The song is her first solo release since 2018’s dancehall and reggae-inspired mixtape I Don’t Want: The Gold Fire Sessions featuring Shenseea. In recent years, the Philly native collaborated with Tyler, the Creator on his Grammy Award-winning album IGOR and last June she appeared on “Man Next Door” from the late Reggae legend U-Roy’s posthumous album Solid Gold U-Roy.
“High Priestess” was recorded virtually during the lockdown. Santigold expressed in a statement that the forced isolation “literally saved my spirit.” The song is about her “greatness” and celebrates the mom of one reconnecting with herself.

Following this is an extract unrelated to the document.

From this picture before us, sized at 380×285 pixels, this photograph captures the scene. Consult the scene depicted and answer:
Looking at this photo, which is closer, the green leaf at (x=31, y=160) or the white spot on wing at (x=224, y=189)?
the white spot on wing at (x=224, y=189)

The uptempo track blends elements of electronica, 80s pop-rock, punk, and rap, a sound she described as “the future sound of punk.” This paradoxical and simultaneous combination of futuristic and nostalgic, familiar and foreign, easily identifiable but not quite sure is her specialty showcased on tracks like “Who I Thought You Were“.
“I want to make music that sounds like the past and the future all in one; music that makes you feel safe enough to jump in, but then takes us on a journey to where we needed to go but have never even heard of,” explained the “Starstruck” singer.
In the Frank Ockenfels-directed video short the 45-year-old dons a fiery crown and is garbed in oversized heavy-looking clothing and rings of light on her arms. She walks alone along the sidewalk of a dark overpass and other dimly-lit deserted urban locales. She dances freely and boldly rap-sings, “They talk about b*tches, they talk, that sh*t stop at me / Now bow down, don’t freak out in the presence of a queen.” Switching back and forth between what seems like male and female first-person perspectives in a battle of the sexes, Santigold exudes confidence, power, and gravitas.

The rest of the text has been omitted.